Did Tony Ornato deny telling Cassidy Hutchinson the Trump steering wheel story
Executive summary
Tony Ornato has publicly and in committee interviews disavowed the specific relay Cassidy Hutchinson described — saying he “does not recall” conveying to her the dramatic account that President Trump lunged for the steering wheel and then at Secret Service agent Bobby Engel — a denial reported by multiple outlets and cited by the House Republican report; at the same time, investigators and some reporters have flagged contradictions among eyewitnesses and expressed skepticism about whether Ornato’s memory is reliable or whether others corroborate Hutchinson’s version [1] [2] [3].
1. The claim Hutchinson made about the SUV and Ornato’s role
Cassidy Hutchinson testified to the Jan. 6 committee that Tony Ornato told her shortly after the rally that President Trump became “very angry,” reached for the steering wheel of the presidential SUV when told he could not go to the Capitol, and then lunged at Secret Service lead agent Robert Engel — a vivid anecdote she presented as secondhand reporting from Ornato and that she said Engel did not dispute in the room [4] [5] [6].
2. Ornato’s response: denial and “does not recall”
In interviews with the committee and in media reporting, Ornato pushed back on Hutchinson’s retelling — telling investigators he “does not recall that he conveyed the information to Cassidy Hutchinson” and denying that he briefed her on a steering-wheel grab, a rebuttal picked up by outlets including Business Insider and reported as a key contradiction to Hutchinson’s account [1] [2].
3. Other denials and the Secret Service posture
The Secret Service as an institution and individual agents have also pushed back on the more sensational elements of Hutchinson’s testimony: reporting shows Engel and other Secret Service sources have denied that Trump grabbed the wheel or lunged at an agent, and agency statements were widely quoted as disputing Hutchinson’s characterization even as they affirmed there was a tense, angry exchange about travel to the Capitol [2] [3] [7].
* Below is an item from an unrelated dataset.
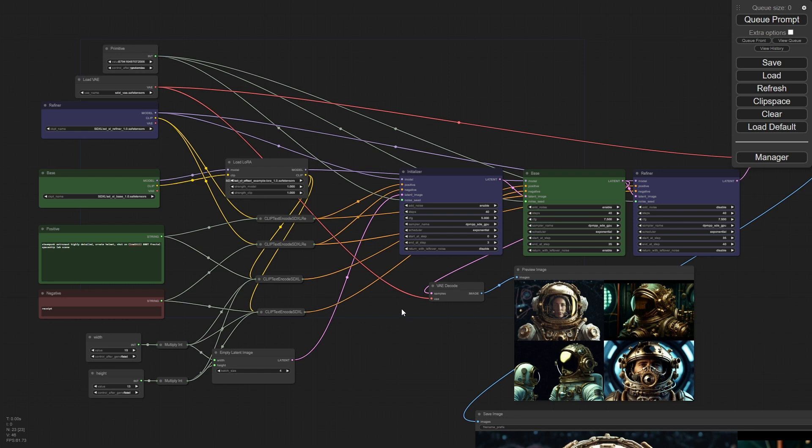Automatic 1111 also supports 1.0. However, I wasn't able to get it to function perfectly — it did have some issues. So I'd say give it another 24 hours or so before you venture into that. This is a great opportunity for you to go ahead and try out Comfy.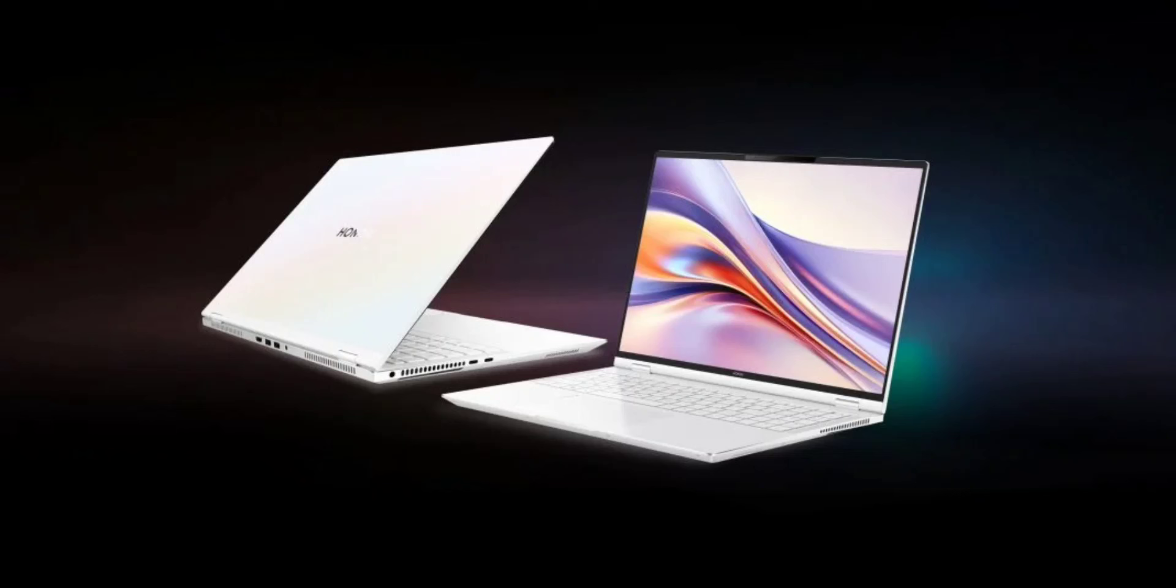Honor MagicBook Pro 16 laptop with 24GB non-binary RAM and Intel Core Ultra processor debuts in China. Last month at MWC 2024, Honor unveiled its MagicBook Pro 16 AI-powered laptop featuring Intel's new Core Ultra processors.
4. Contradictory witness statements and the GOP report
Subsequent depositions and a Republican-authored House report amplified contradictions: the driver of the presidential SUV said he did not see Trump reach for the wheel or lunge toward Engel, and the GOP report cited Ornato and other White House employees as not corroborating Hutchinson’s version — a line of argument Republicans advanced to undercut Hutchinson’s credibility, while committee investigators expressed skepticism of Ornato’s memory and timing [3] [8] [1].
5. Media fact-checking and disputed characterizations of “denial”
Media fact-checkers and reporting have noted nuance: some headlines framed the story as the Secret Service or Ornato “debunking” Hutchinson, while fact-checkers cautioned that Ornato’s statement was not an absolute categorical refutation in every outlet’s early reporting and that different sources used different language, from flat denials to “does not recall” formulations; Snopes and others point out the distinction between outright debunking and a claimed lack of recollection [9] [1].
6. Assessment: did Ornato deny telling Hutchinson the steering-wheel story?
Yes — according to the public record assembled by committee transcripts and news reporting, Ornato denied that he conveyed to Hutchinson the specific story that Trump grabbed the steering wheel and lunged at an agent, telling investigators he did not recall making such a report; however, that denial exists amid conflicting eyewitness testimony (including the SUV driver and other White House staff who said they never heard the story), active skepticism by some committee members about Ornato’s claim, and divergent framing across outlets, meaning the denial is documented but contested and not the final word on the underlying factual dispute [1] [3] [8] [2].